DETAILED DESCRIPTION OF THE PREFERRED EMBODIMENT
[0033] The following embodiments are disclosed with accompanying
diagrams for detailed description. For illustration clarity, many
details of practice are explained in the following descriptions.
However, it should be understood that these details of practice do
not intend to limit the present invention. That is, these details
of practice are not necessary in parts of embodiments of the
present invention. Furthermore, for simplifying the drawings, some
of the conventional structures and elements are shown with
schematic illustrations.
[0034] The terminology used herein is for the purpose of describing
particular embodiments only and is not intended to be limiting of
the invention. As used herein, the singular forms "a", "an" and
"the" are intended to include the plural forms as well, unless the
context clearly indicates otherwise. It will be further understood
that the terms "comprises" and/or "comprising", or "includes"

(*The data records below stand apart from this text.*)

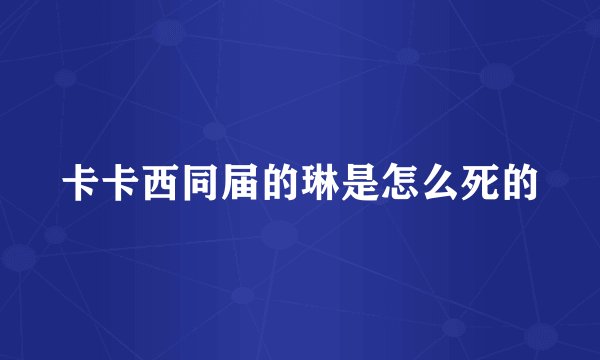 卡卡西同届的琳是怎么死的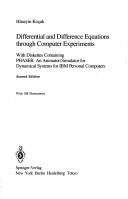 Cover of Differential and Difference Equations through Computer Experiments: With Diskettes Containing PHASER by Hüseyin Kocak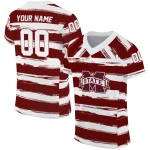 customized mississippi state bulldogs art stripe maroon jersey best selling
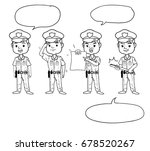 Police in various gestures, hand drawn cartoon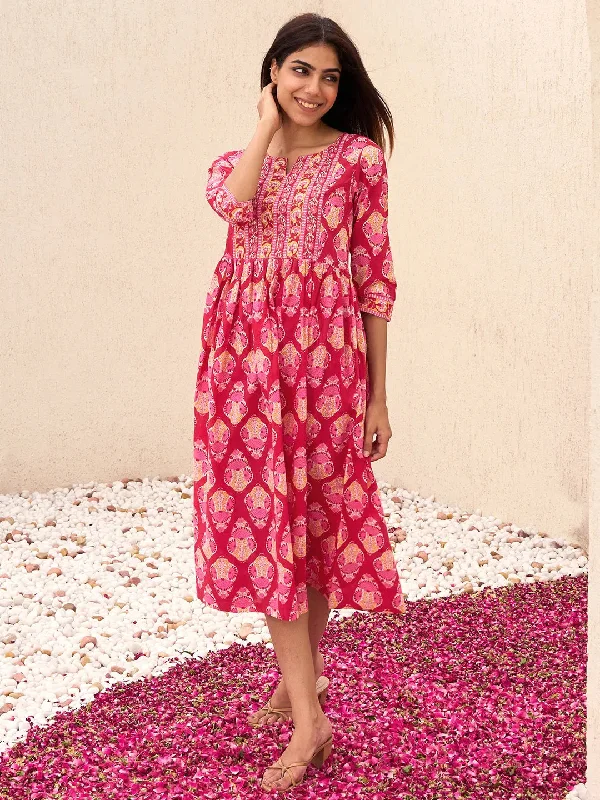 Red Printed Cotton Fit and Flare Dress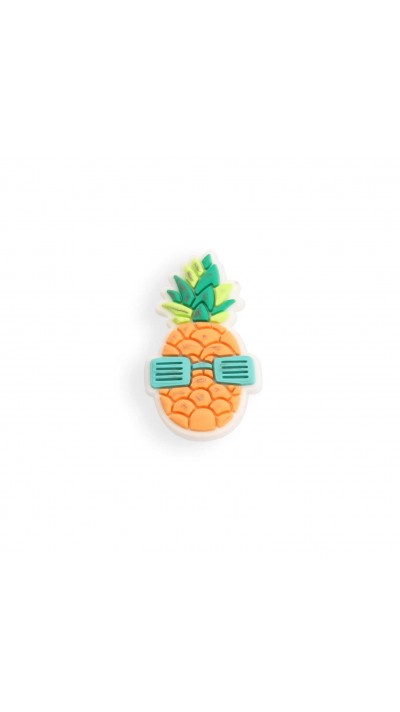 Charm bijou 3D pour coque avec trous style Crocs - Funky Pineapple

and/or "including" or "has" and/or "having" when used in this
specification, specify the presence of stated features, regions,
integers, steps, operations, elements, and/or components, but do
not preclude the presence or addition of one or more other
features, regions, integers, steps, operations, elements,
components, and/or groups thereof.
[0035] As stated above, it can be seen that the fuel used currently
have some disadvantages such as problems of environmental pollution
and loss of food. Therefore, the present disclosure provides a
method of supplying fuel for a motorcycle engine, which is
environment-friendly, do not affect the food supply and enables
complete combustion of fuel.
[0036] The present disclosure provides a method of supplying fuel
for a motorcycle engine, and the method includes the following
steps. A tank, a pipe and an injector are provided, and the pipe is
connected between the tank and the injector. Fuel in the tank is
transported to the injector through the pipe, and a pressure of the
fuel in the pipe is in a range large than 2.5 to 4.0 kg/cm.sup.2,
preferably 3.5 kg/cm.sup.2.
[0037] In some embodiments, the present disclosure use butanol or
mixed oil including butanol and gasoline as fuel. In accordance
with some embodiments, the gasoline in the mixed oil is octane
number 95 unleaded gasoline.
[0038] The resource of butanol used in the present disclosure is
from cellulose, which can be extracted from non-grain fuel such as
straw, plant fibers and other agricultural wastes. Also, butanol
may directly function as gasoline additives. Accordingly, butanol
as a fuel does not consume food resources.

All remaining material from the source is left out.